X. Deve ser equiparado ao construtor do imóvel o promotor da sua construção, ainda que por intermédio de empreiteiro, sendo aplicáveis os prazos de caducidade do artigo 1225.º e não do artigo 917.º, ambos do CC.

XI. O n.º 4 do artigo 1225.º do CC abarca os casos de construção por parte de promotor não só nos casos em que ele toma decisões relativas à edificação, contratando os vários empreiteiros a seu gosto para as diversas partes e fases da obra, dando ordens relativas ao andamento da mesma, mantendo-se por assim dizer com o controlo sobre a obra vista no seu conjunto, visão que cada um dos empreiteiros ou “construtores” contratados não possuem; mas ainda quando o vendedor promoveu a construção de um imóvel com a finalidade de o vender e obter lucro dessa venda, já que nestes casos tem de se considerar que assume a qualidade de construtor.

XII. A Recorrida gizou por si mesma todo o projecto de ampliação e recuperação do Prédio, tendo tomado todas as decisões quanto aos métodos e materiais a utilizar, sendo apenas ela, e só ela, a detentora do efectivo controlo e visão global dos trabalhos em causa (cfr. artigos 21.º a 23.º da Contestação).

XIII. A excepção da caducidade invocada pela Recorrida não devia ter sido considerada procedente por o prazo de caducidade aplicável à factualidade vertida nos autos ser de um ano, nos termos do artigo 1225.º do CC, e não seis meses.

XIV. Mesmo que assim não se entenda, nunca se poderá sustentar que seria aplicável à presente situação o prazo de caducidade constante do artigo 917.º do CC.

XV. Pois, o prazo de caducidade constante do artigo 917.º do CC destina-se aos casos de acção de anulação por simples erro, pelo que a acção destinada à exigência de reparação de defeitos da coisa só está limitada no tempo pelo prazo geral do artigo 309.º do Código Civil.

XVI. Entendimento que está de acordo com decisões do Supremo Tribunal de Justiça, o qual sustentou que o prazo de caducidade previsto no artigo 917.º do CC é aplicável apenas às acções de anulação da compra e venda por simples erro e não às acções de condenação do vendedor a eliminar os defeitos e de indemnização.

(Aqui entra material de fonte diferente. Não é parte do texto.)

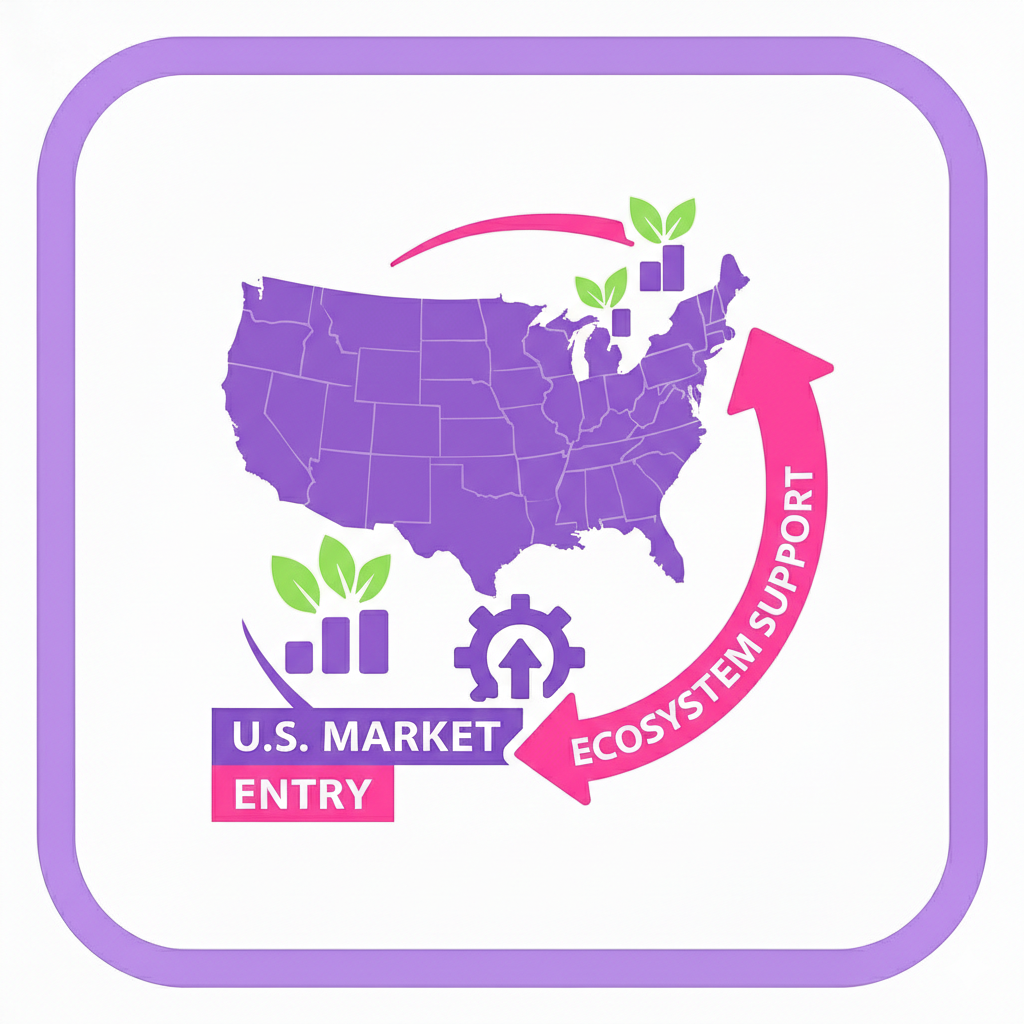US Market Entry and Entity Creation Support / Accompagnement à l'implantation et création d'entité aux USA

No âmbito destas duas últimas acções o direito à eliminação dos defeitos e à indemnização está sujeita a prescrição nos termos gerais do artigo 309.º do CC.

XVII. Não sendo o preceito em causa passível de interpretação extensiva, pois, em primeiro lugar, quando se trata de interpretar a lei deve atender-se ao estabelecido no n.º 2 do artigo 9.º do CC, sendo evidente que a interpretação defendida pela Recorrida e sufragada pela Sentença recorrida não tem a menor correspondência com a letra da lei.

XVIII. Em segundo lugar, porque não se pode defender a aplicação extensiva de uma norma sem que se verifique identidade ou maioria de razão quanto ao caso concreto, o que aqui não se verifica, visto que a razão de ser do curto prazo de caducidade estabelecido no artigo 917.º do CC decorre precisamente de o mesmo se referir à anulação do negócio, ou seja, à destruição deste. O que tem efeito retroactivo e afecta a segurança do comércio jurídico.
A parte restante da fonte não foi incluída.